_Try it_
Each line below needs to be returned exactly. Skip any picture.

_Collected material_
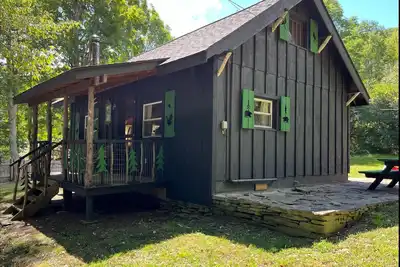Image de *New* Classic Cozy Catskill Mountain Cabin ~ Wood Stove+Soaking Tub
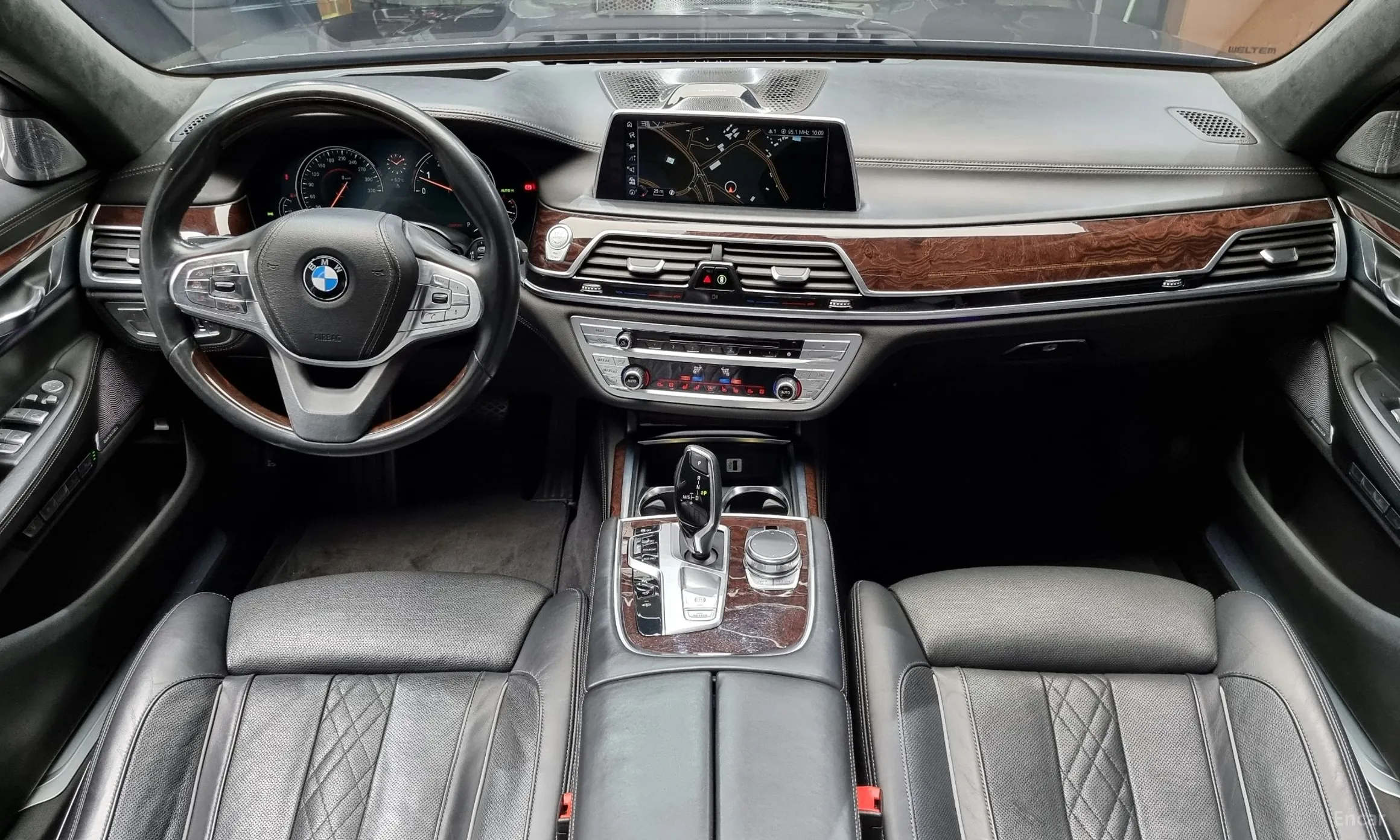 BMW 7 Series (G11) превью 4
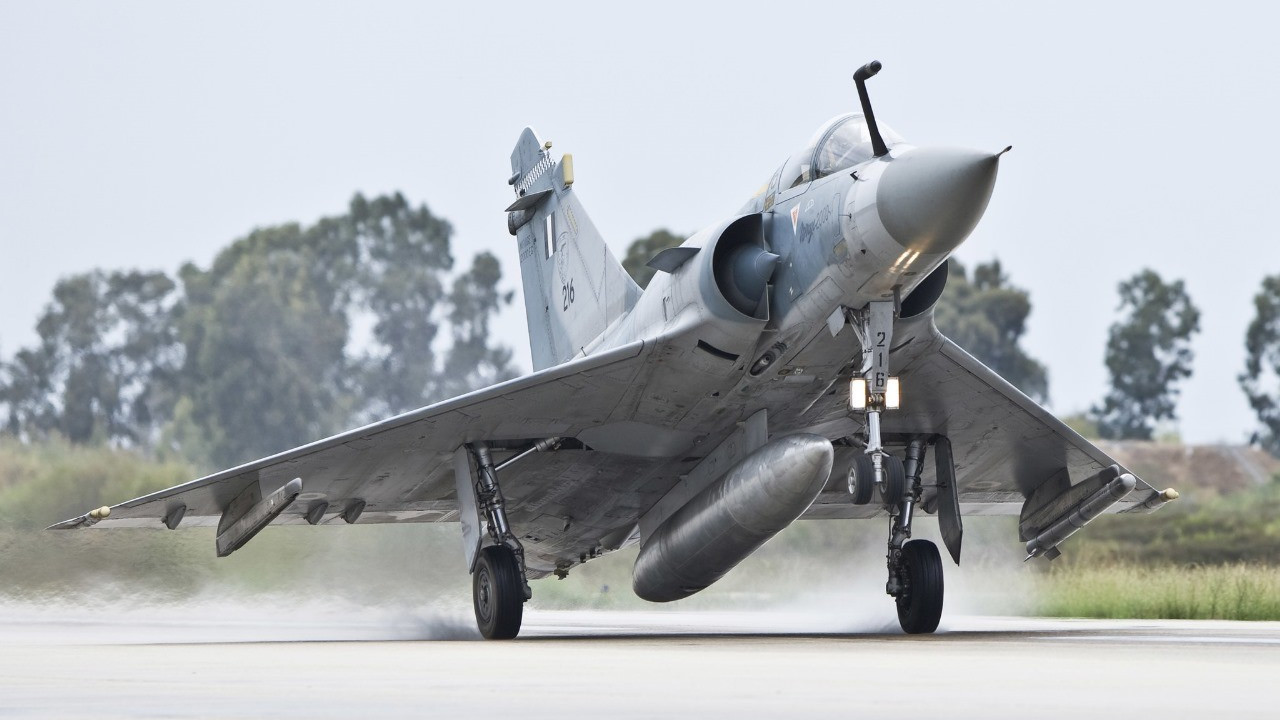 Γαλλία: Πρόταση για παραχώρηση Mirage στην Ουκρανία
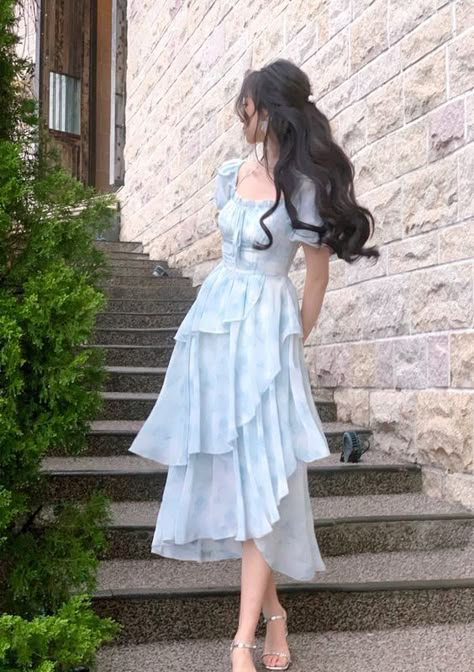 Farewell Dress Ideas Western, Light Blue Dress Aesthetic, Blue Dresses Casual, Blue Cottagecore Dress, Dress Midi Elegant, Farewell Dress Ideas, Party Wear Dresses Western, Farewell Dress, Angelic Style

_Response below_
Image de *New* Classic Cozy Catskill Mountain Cabin ~ Wood Stove+Soaking Tub
 BMW 7 Series (G11) превью 4
 Γαλλία: Πρόταση για παραχώρηση Mirage στην Ουκρανία
 Farewell Dress Ideas Western, Light Blue Dress Aesthetic, Blue Dresses Casual, Blue Cottagecore Dress, Dress Midi Elegant, Farewell Dress Ideas, Party Wear Dresses Western, Farewell Dress, Angelic Style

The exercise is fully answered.